Task description
Exact repetition, pictures omitted: give every record below again.
>>>>
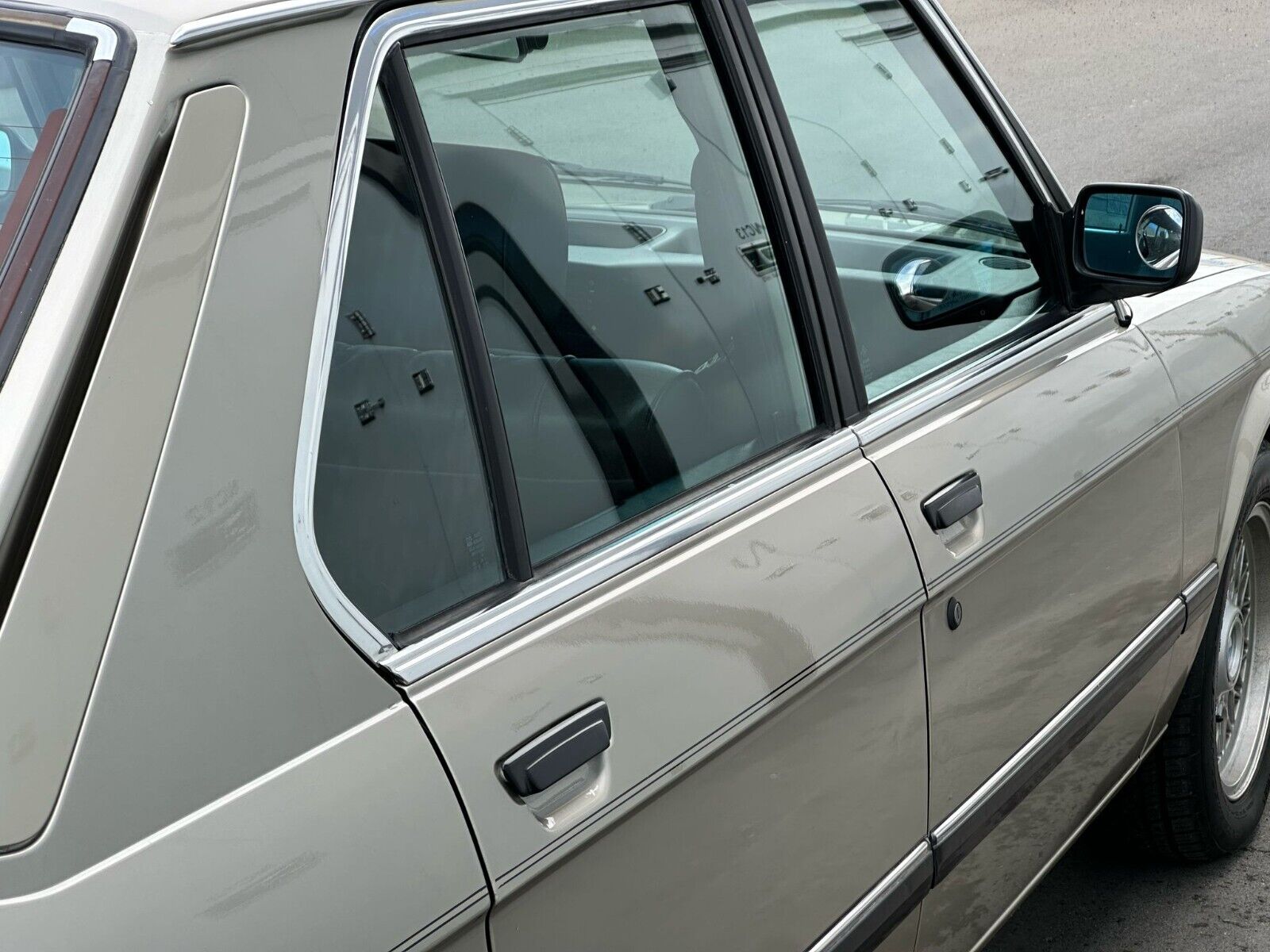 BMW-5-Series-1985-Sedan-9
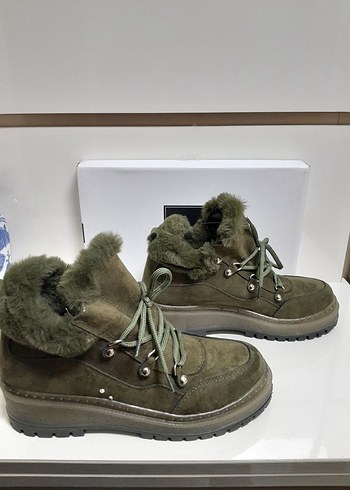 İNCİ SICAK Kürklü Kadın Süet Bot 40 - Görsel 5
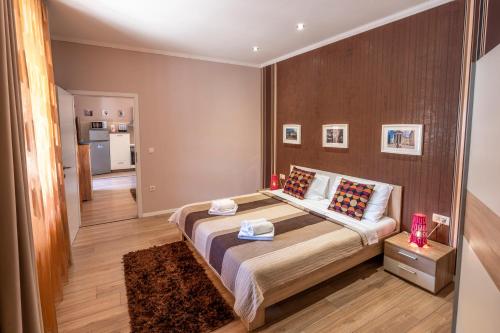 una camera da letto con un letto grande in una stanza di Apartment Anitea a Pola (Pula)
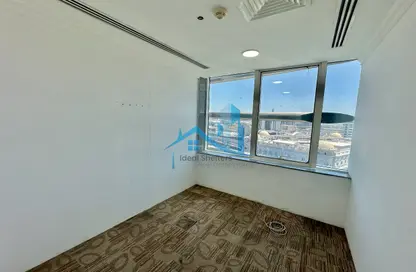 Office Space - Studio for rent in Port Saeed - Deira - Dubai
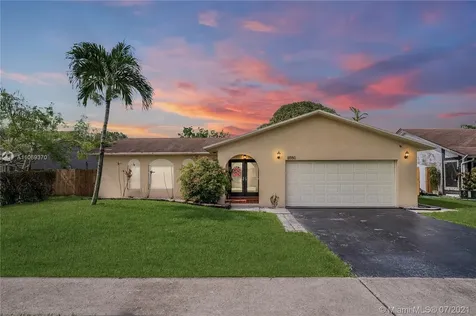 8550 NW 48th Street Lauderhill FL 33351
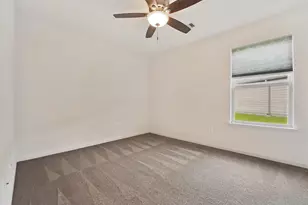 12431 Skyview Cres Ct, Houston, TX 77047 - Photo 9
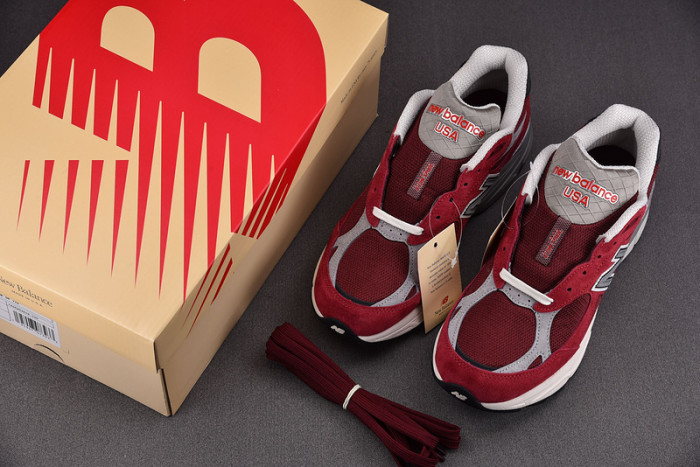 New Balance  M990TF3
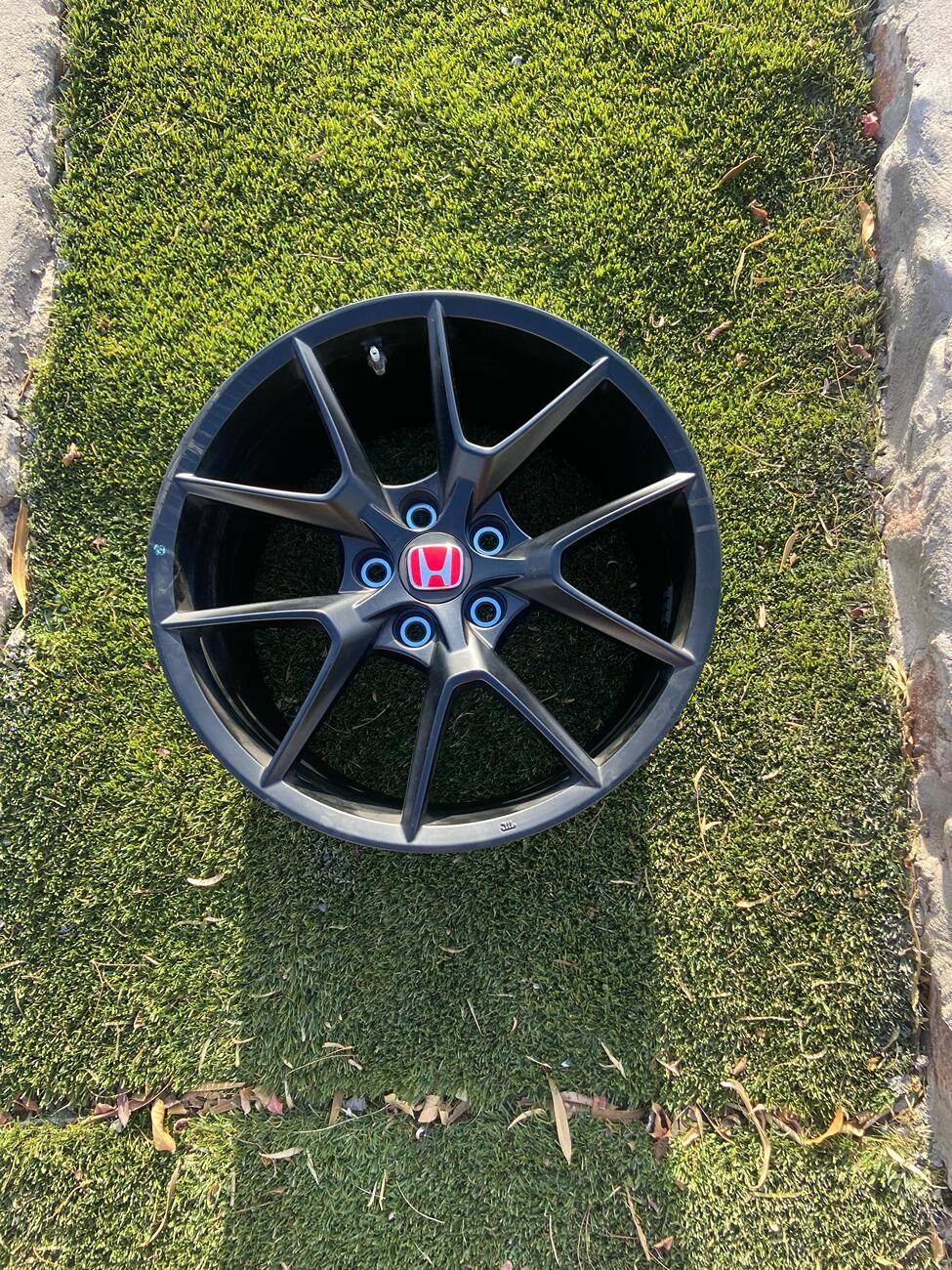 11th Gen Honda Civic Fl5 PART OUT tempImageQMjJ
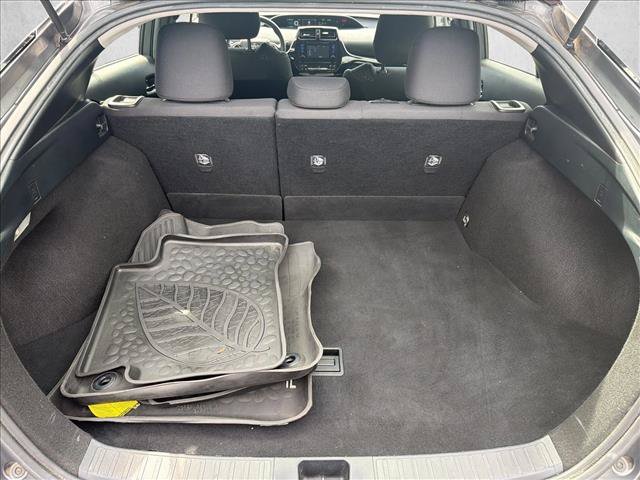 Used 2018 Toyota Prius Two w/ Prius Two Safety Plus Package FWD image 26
<<<<
Exercise result
 BMW-5-Series-1985-Sedan-9
 İNCİ SICAK Kürklü Kadın Süet Bot 40 - Görsel 5
 una camera da letto con un letto grande in una stanza di Apartment Anitea a Pola (Pula)
 Office Space - Studio for rent in Port Saeed - Deira - Dubai
 8550 NW 48th Street Lauderhill FL 33351
 12431 Skyview Cres Ct, Houston, TX 77047 - Photo 9
 New Balance  M990TF3
 11th Gen Honda Civic Fl5 PART OUT tempImageQMjJ
 Used 2018 Toyota Prius Two w/ Prius Two Safety Plus Package FWD image 26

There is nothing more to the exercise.